* Problem
Please copy exactly the part of the records below that opens with the line containing "تیبا معاوضه با پراید وانت مدل خودش" and closes with the line containing "SF Dawn Sports Bra", leaving out any pictures.

* Supplied material
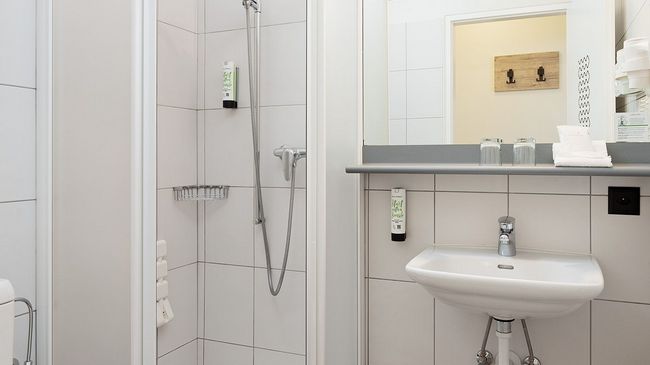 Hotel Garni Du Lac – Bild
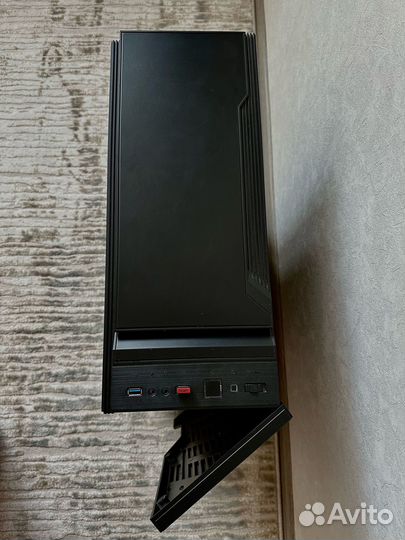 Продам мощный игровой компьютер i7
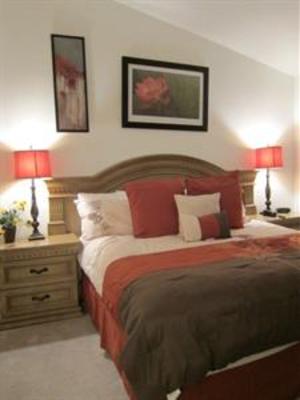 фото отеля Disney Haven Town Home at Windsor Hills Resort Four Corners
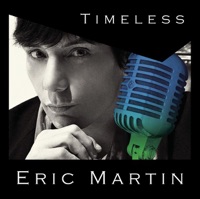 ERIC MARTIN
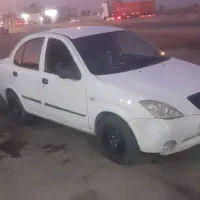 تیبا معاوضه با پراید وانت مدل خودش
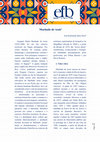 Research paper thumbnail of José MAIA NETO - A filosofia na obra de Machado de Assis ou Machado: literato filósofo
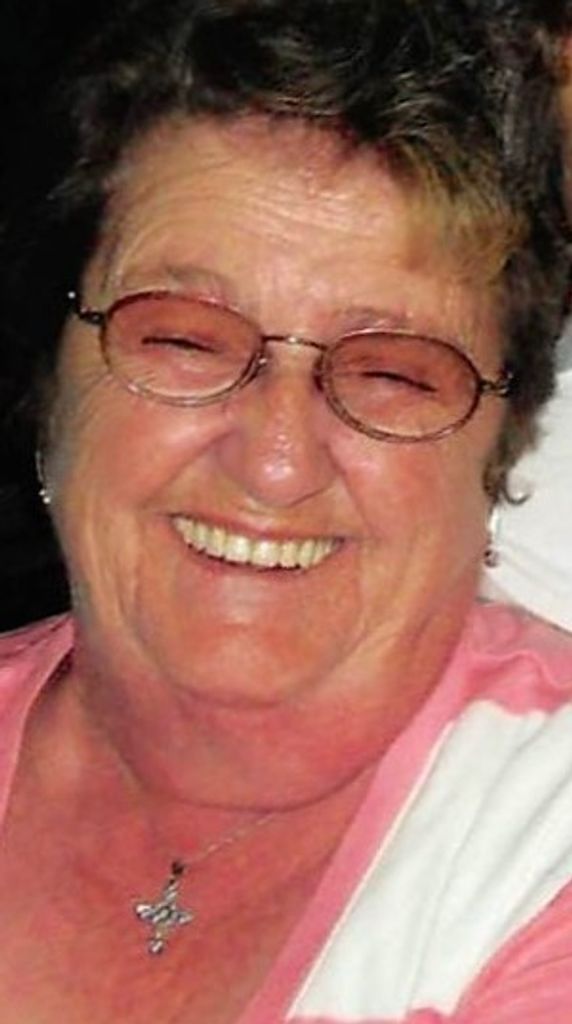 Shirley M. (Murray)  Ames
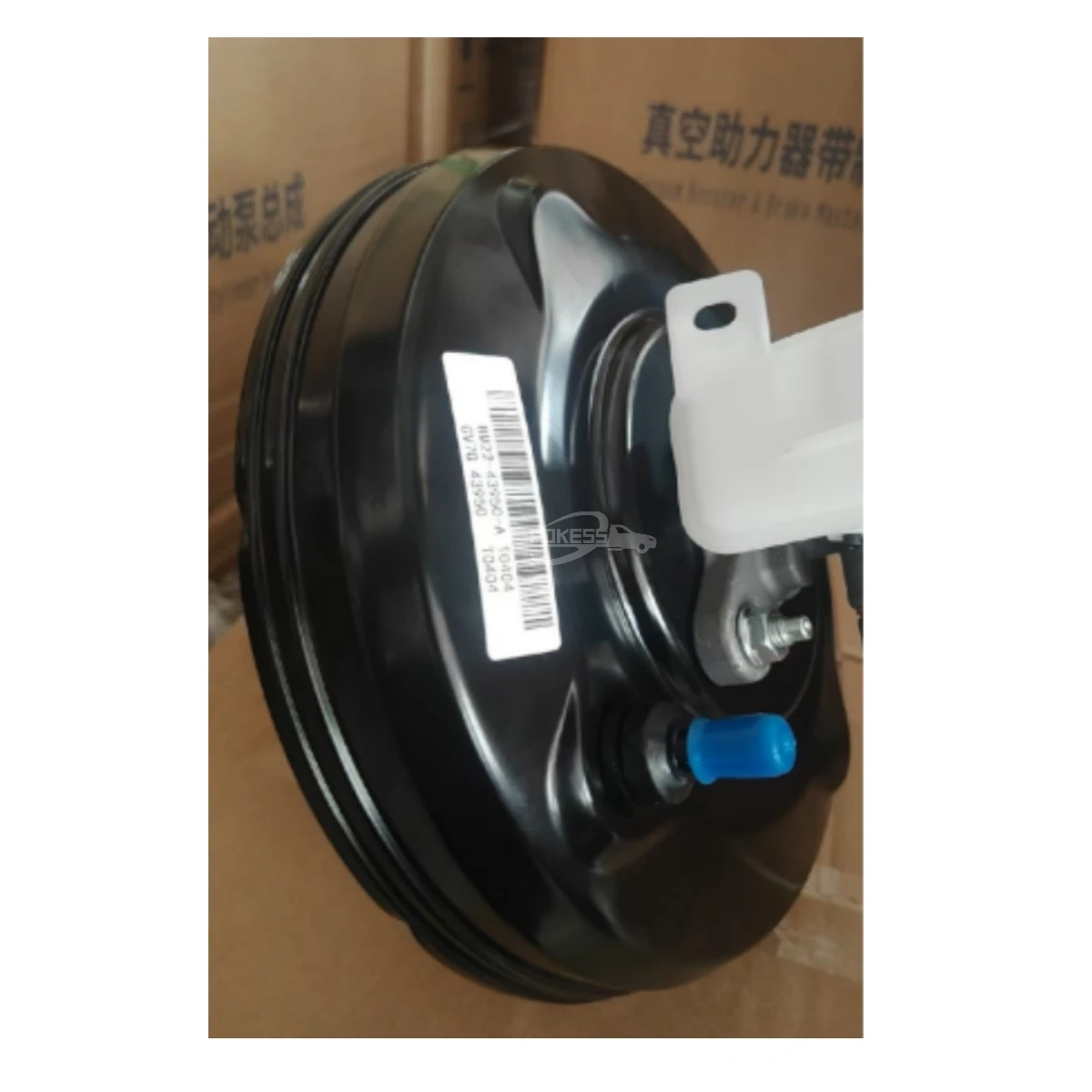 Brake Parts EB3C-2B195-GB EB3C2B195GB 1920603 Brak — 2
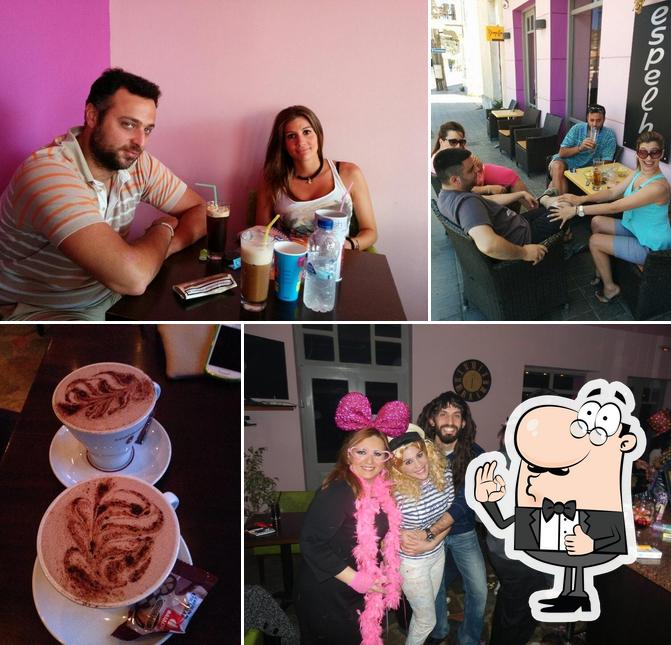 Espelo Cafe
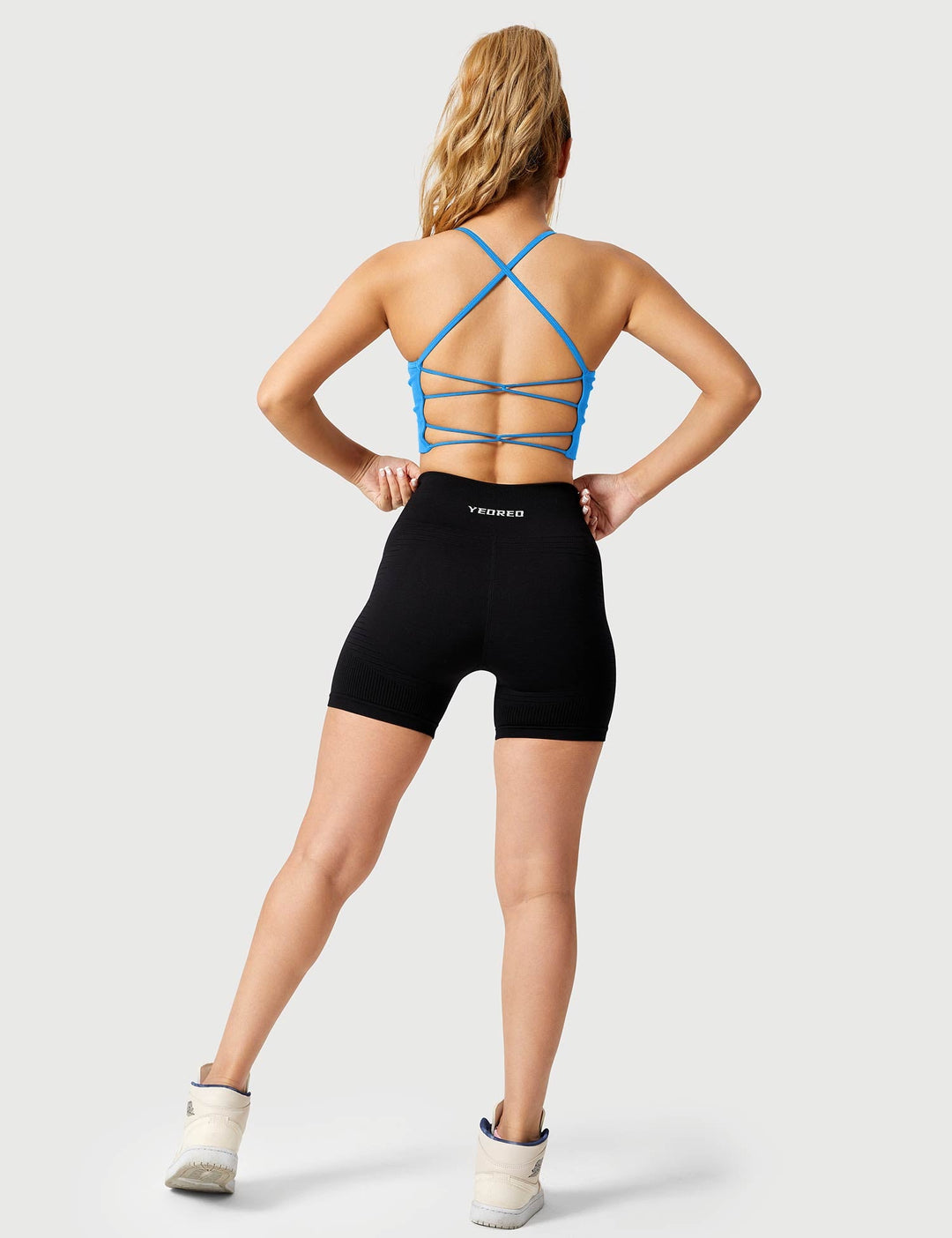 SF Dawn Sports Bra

==

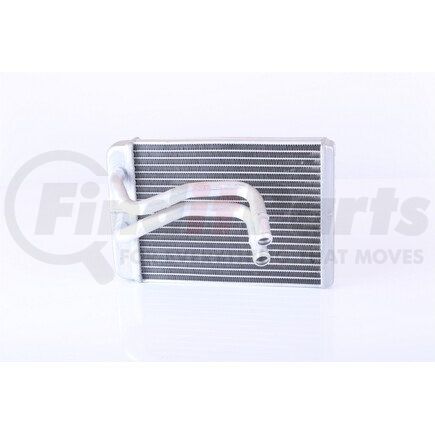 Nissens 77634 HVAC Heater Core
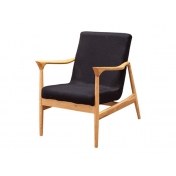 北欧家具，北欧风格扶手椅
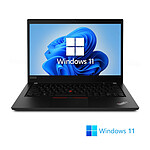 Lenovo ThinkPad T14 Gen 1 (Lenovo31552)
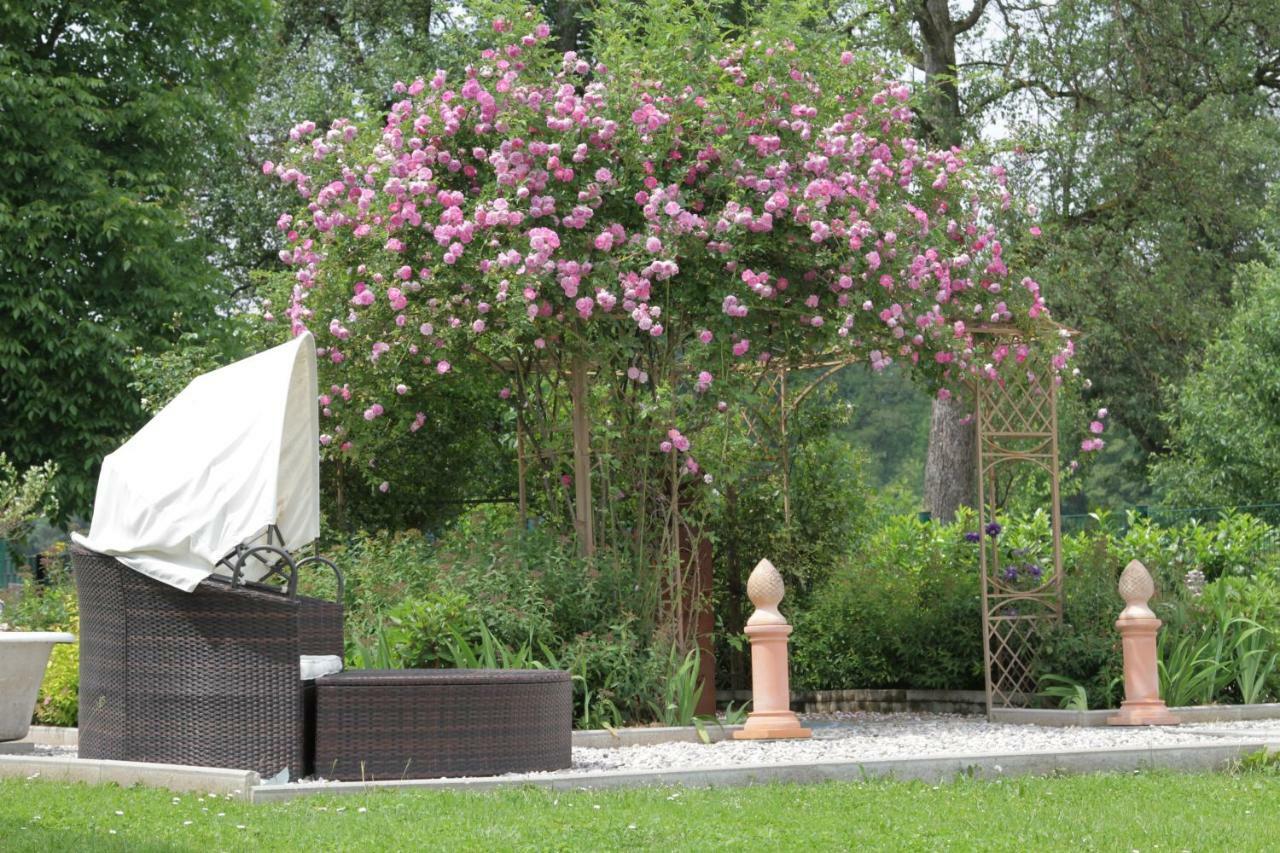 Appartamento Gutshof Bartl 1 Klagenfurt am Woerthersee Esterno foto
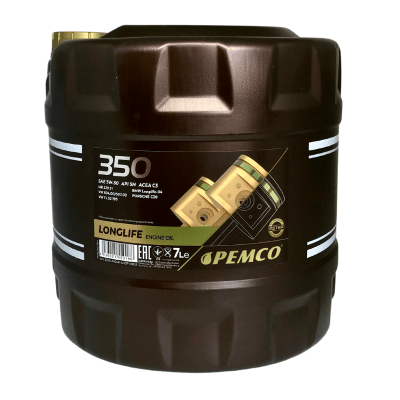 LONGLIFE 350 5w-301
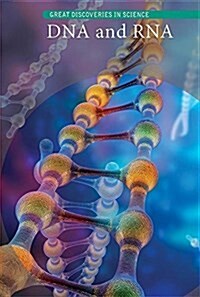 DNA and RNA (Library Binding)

* Exercise output
 تیبا معاوضه با پراید وانت مدل خودش
 Research paper thumbnail of José MAIA NETO - A filosofia na obra de Machado de Assis ou Machado: literato filósofo
 Shirley M. (Murray)  Ames
 Brake Parts EB3C-2B195-GB EB3C2B195GB 1920603 Brak — 2
 Espelo Cafe
 SF Dawn Sports Bra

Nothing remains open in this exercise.